▸ Requirement: Beginning with the line that contains "Sırbistan'da düzenlenen 2023", restate each line below through the final one exactly, and exclude the pictures.

START Data for the task

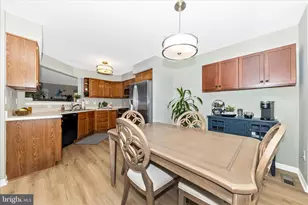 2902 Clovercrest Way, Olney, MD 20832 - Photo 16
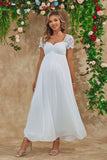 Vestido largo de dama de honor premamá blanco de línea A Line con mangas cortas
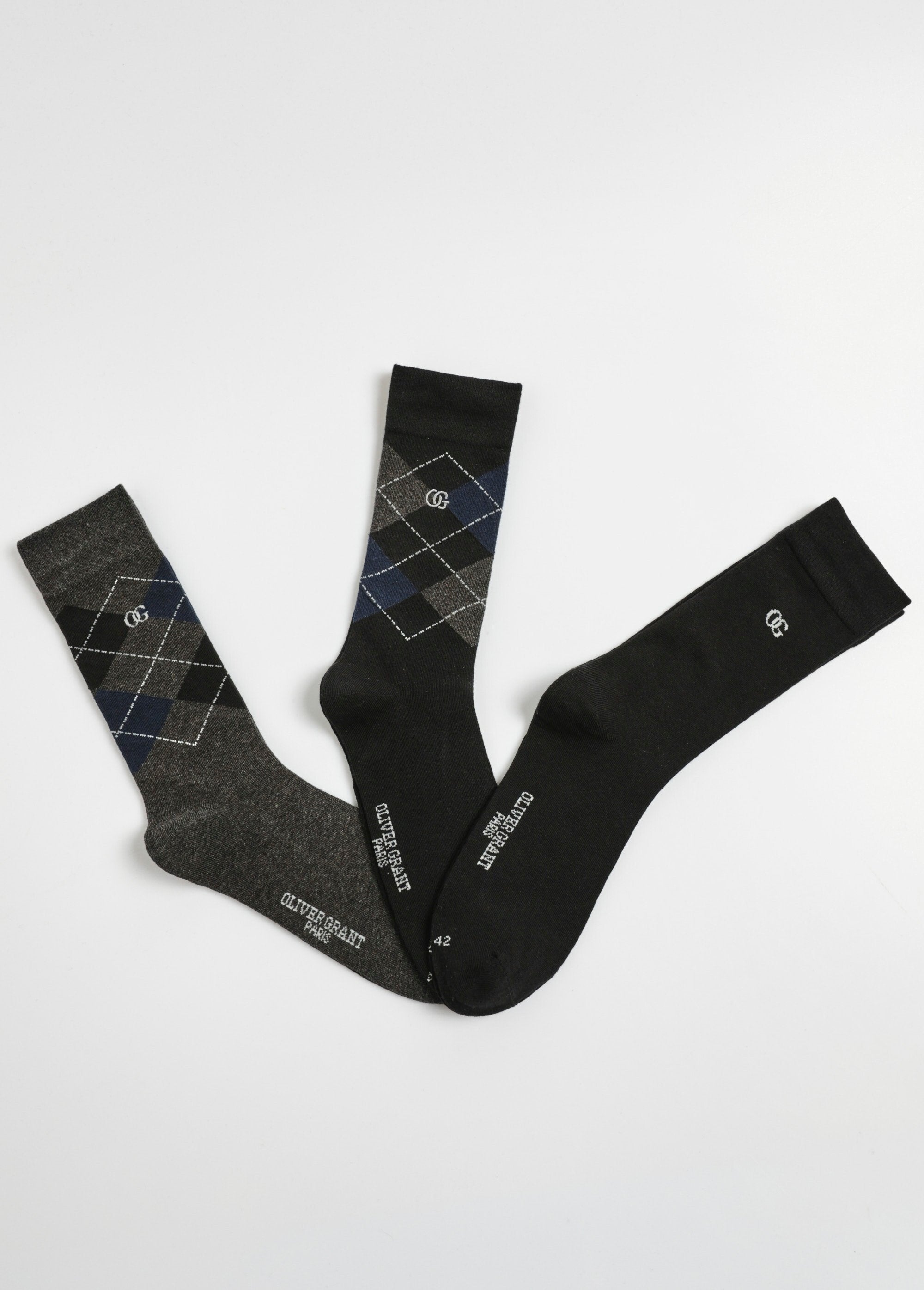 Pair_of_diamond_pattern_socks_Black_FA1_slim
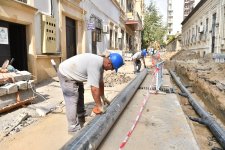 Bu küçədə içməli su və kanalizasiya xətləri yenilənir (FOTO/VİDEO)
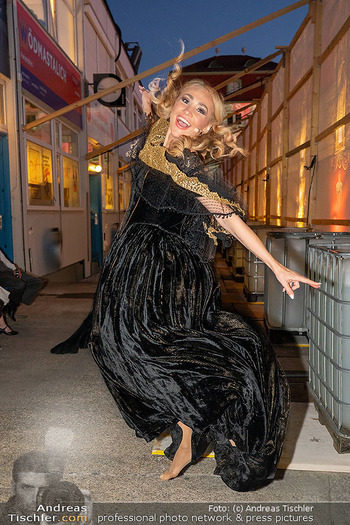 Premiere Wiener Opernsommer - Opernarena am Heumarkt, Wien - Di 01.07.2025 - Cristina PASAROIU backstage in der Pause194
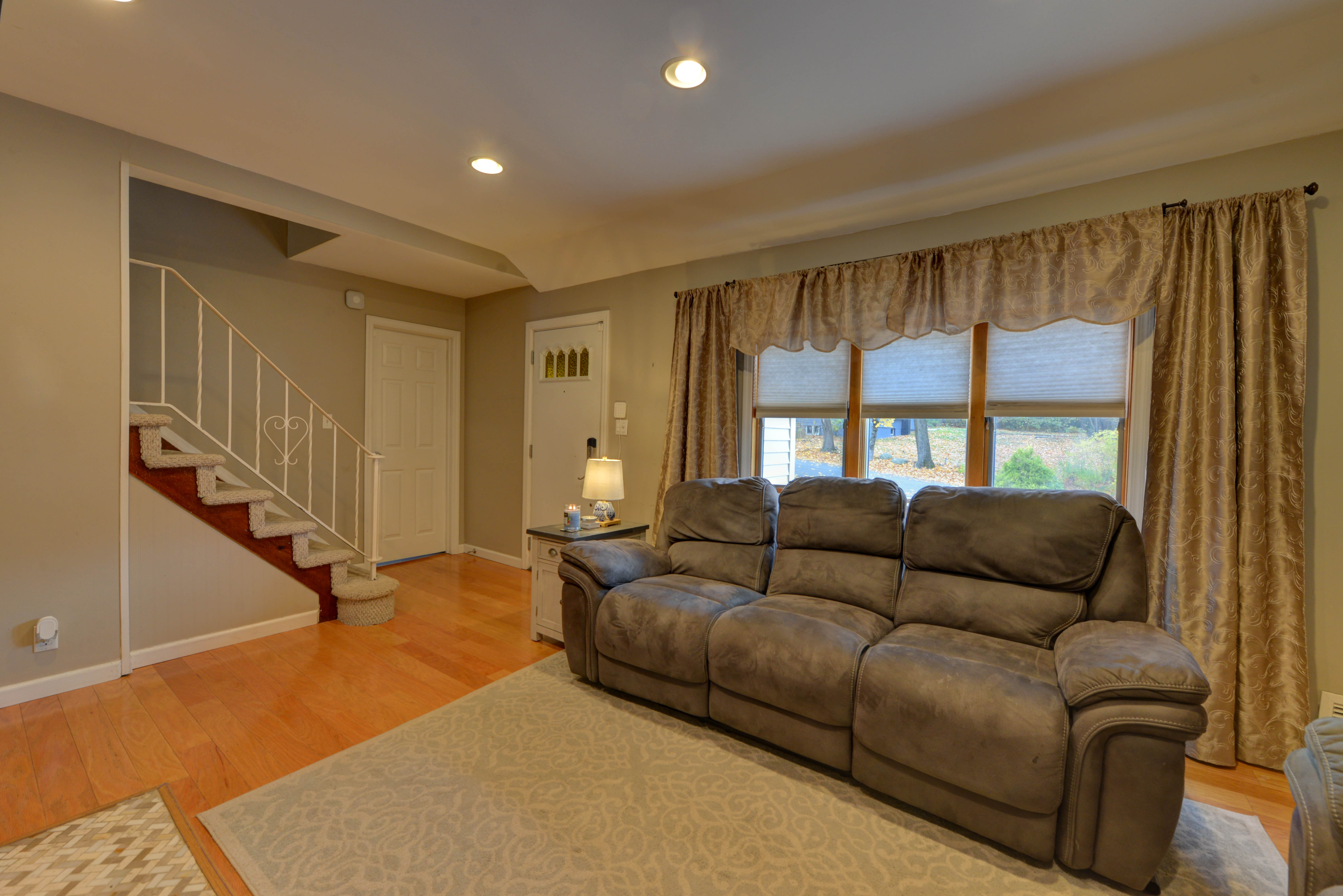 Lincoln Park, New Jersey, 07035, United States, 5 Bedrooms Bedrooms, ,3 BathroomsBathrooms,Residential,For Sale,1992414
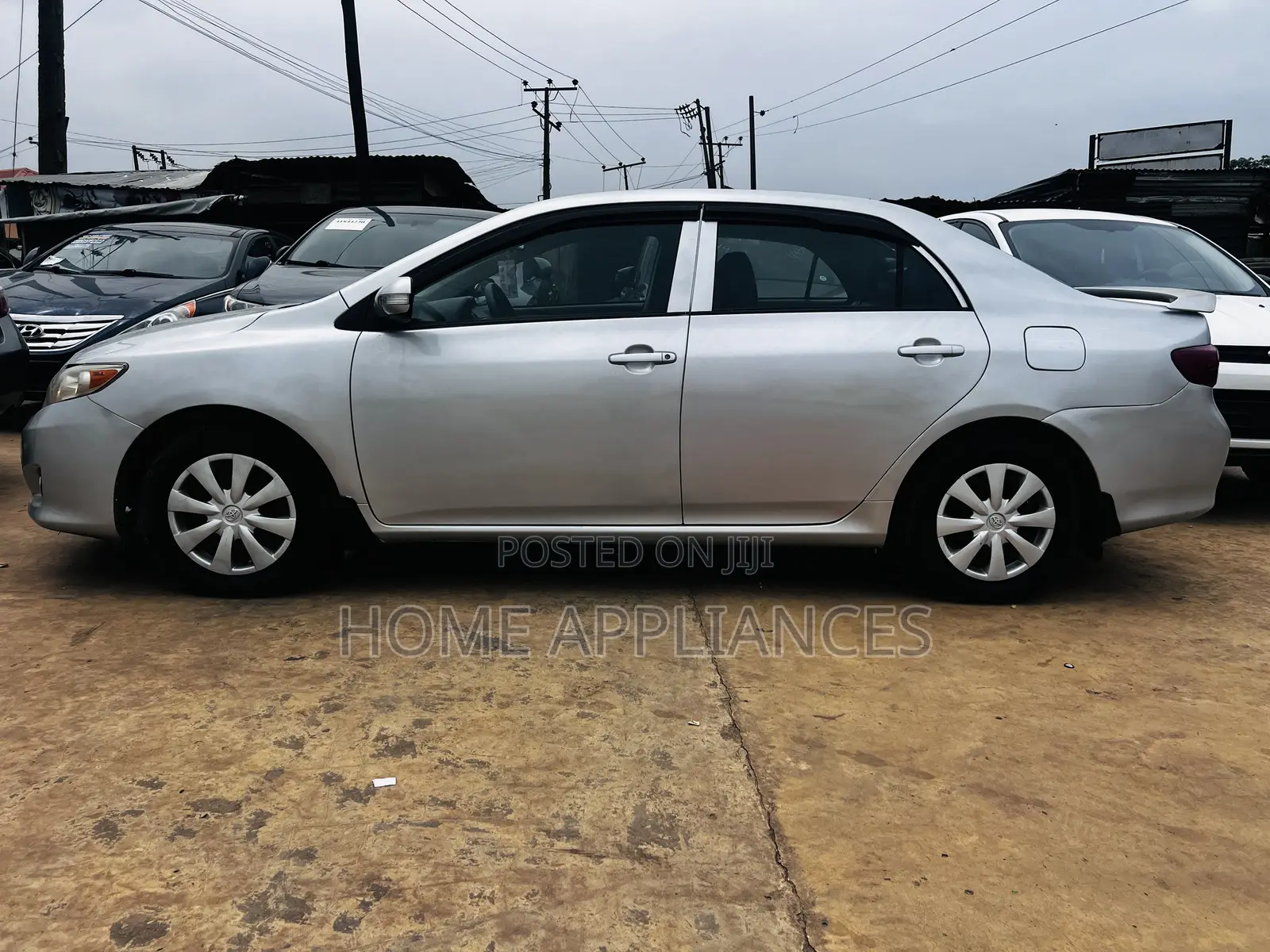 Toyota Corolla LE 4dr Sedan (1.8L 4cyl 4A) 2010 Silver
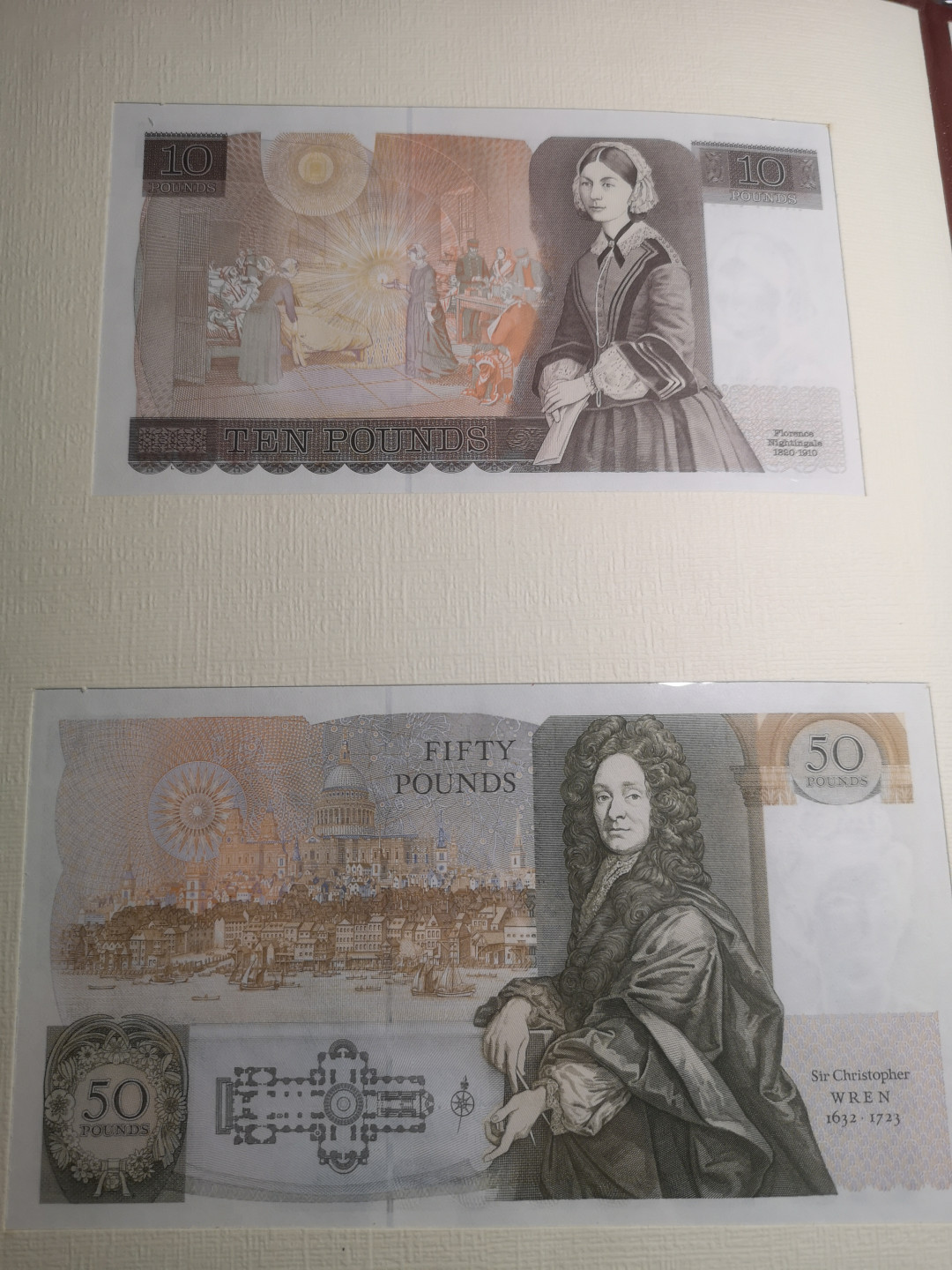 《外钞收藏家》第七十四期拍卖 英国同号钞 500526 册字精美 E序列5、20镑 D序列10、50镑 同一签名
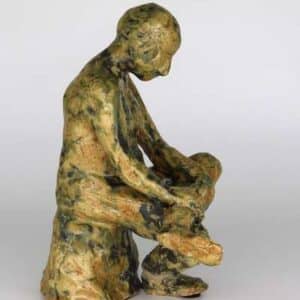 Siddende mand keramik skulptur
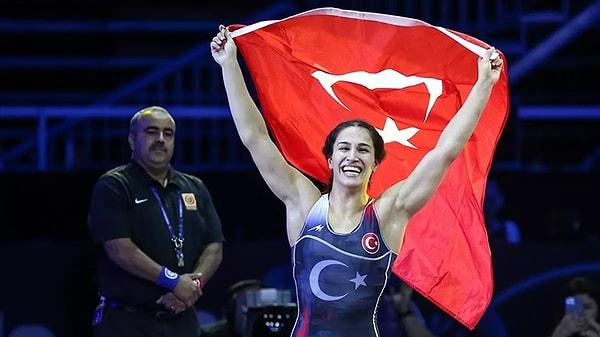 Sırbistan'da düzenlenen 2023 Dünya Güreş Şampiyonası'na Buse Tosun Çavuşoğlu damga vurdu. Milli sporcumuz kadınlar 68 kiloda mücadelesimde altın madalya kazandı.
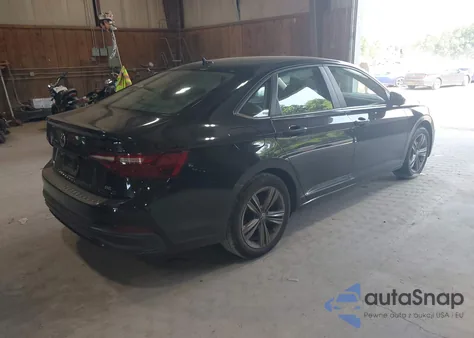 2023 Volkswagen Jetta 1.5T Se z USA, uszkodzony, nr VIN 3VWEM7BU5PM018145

END Data for the task

▸ Response:
 Sırbistan'da düzenlenen 2023 Dünya Güreş Şampiyonası'na Buse Tosun Çavuşoğlu damga vurdu. Milli sporcumuz kadınlar 68 kiloda mücadelesimde altın madalya kazandı.
 2023 Volkswagen Jetta 1.5T Se z USA, uszkodzony, nr VIN 3VWEM7BU5PM018145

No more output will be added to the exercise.